Hello,
In order to measure function call performance I am using simple and dumb
fibonacci numbers calculation. It is equivalent to the PIR example in
examples/benchmark/fib.pir
The perl6 code is :
use v6;
sub fib ($n){
return $n if $n<2;
return fib($n-1)+fib($n-2);
}
say fib(22);
Here are my observations.
1. PIR variant.
It is quite fast. It calculates fib(32) in 4-5 seconds. It is comparable
to perl5 performance of 5-6 seconds. In well optimized builds it was
amazingly fast. Before merge of ppd25cx branch, on i686 arch with "-Ot"
flag it performed fib(32) in fraction of a second. I have tried to
reproduce the same performance with combination of optimization flags
(1,2,p,c) and different run-cores without success. Also on amd64
architecture it does not perform considerably better with -Ot flag.
2. Rakudo
The perl6 variant performs quite poorly. I have waited more of 20
minutes to calculate fib(32) but it have not finished the calculation (2
x Xeon 3GHz QuadCore, 2G RAM). It has also used all of the 2G RAM. So I
have chosen fib(22) as a base for comparison.
Typically rakudo calculates fib(22) in 7-8 seconds. (NQP variant
calculates it with comparable performance).
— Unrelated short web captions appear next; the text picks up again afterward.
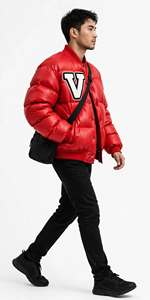 Chaqueta Acolchada Roja de PU para Hombre, Cuello Alto, Cortavientos, Invierno, Casual, Gruesa, Relleno de Poliéster, Corte Regular, Logotipo Bordado en la Parte Delantera - Product Image 3
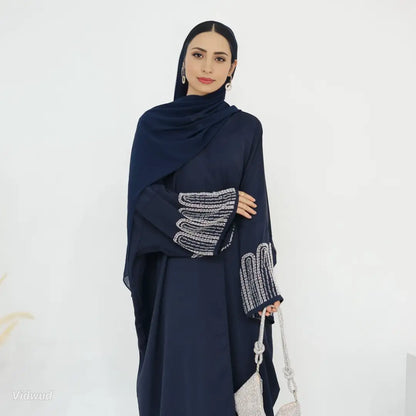 Beads Cuff Nida Cardigan Open Abaya Dress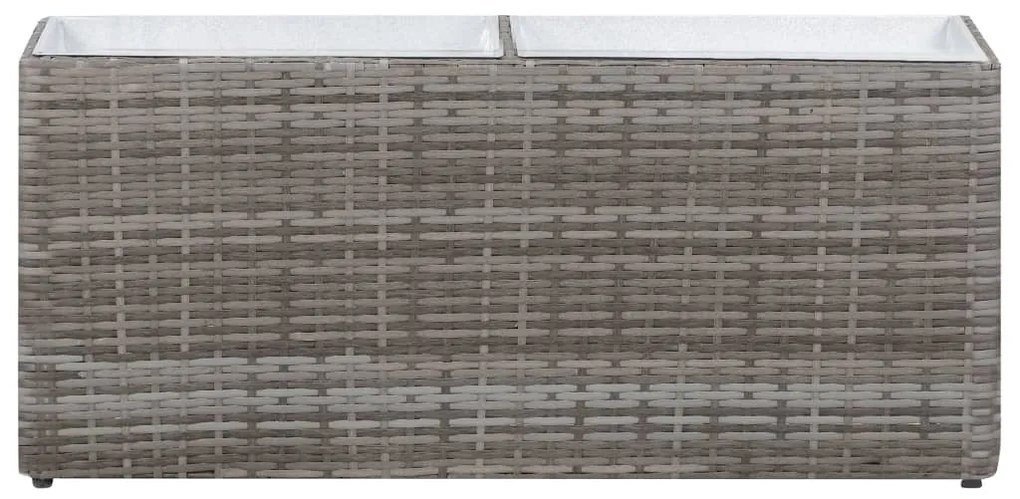vidaXL Ζαρντινιέρα Υπερυψωμένη 2 Δοχεία Γκρι 90x20x40 εκ. Συνθ.Ρατάν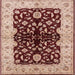 Square Mid-Century Modern Pastel Orange Oriental Rug, urb2863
After ppd25cx merge it
performed the same as before. Ppd25cx builds are with optimization flag
-O1 because when configured with -O2 (the default optimization level in
the configuration) parrot crashes - it could not even compile Rakudo and
NQP interpreters.
Last night I have checked the performance again and I was disappointed -
perl6 calculated fib(22) in more than 40 seconds... I think this is a
bad regression.
I have compared the PIR output produced by the compiler and the produced
code is without change. Therefore there is a change in parrot that
affected the perl6 function calls without affecting all parrot function
calls.
So I have tried to find the change that is detrimental to perl6 function
call performance. This are my benchmarks for the problematic revisions:
revision parrot -C parrot -C -G
30125 41 seconds 6 seconds
30123 30 seconds 6 seconds
30122 8 seconds 6 seconds
changed files:
src/ops/core.ops, (r30123,r30125)
src/pmc/exception.pmc, (r30123)
src/sub.c (r30123)
t/op/exceptions.t (r30123)
What confuses me a lot is that r30125 change to core.ops just replaces
"string_from_literal" with "const_string" on one line. I thought that
const_string is faster because it doesn't need to allocate memory and
produces less garbage. But it happens that it is a lot slower - it adds
11 seconds to the execution (with GC enabled).
Best regards
luben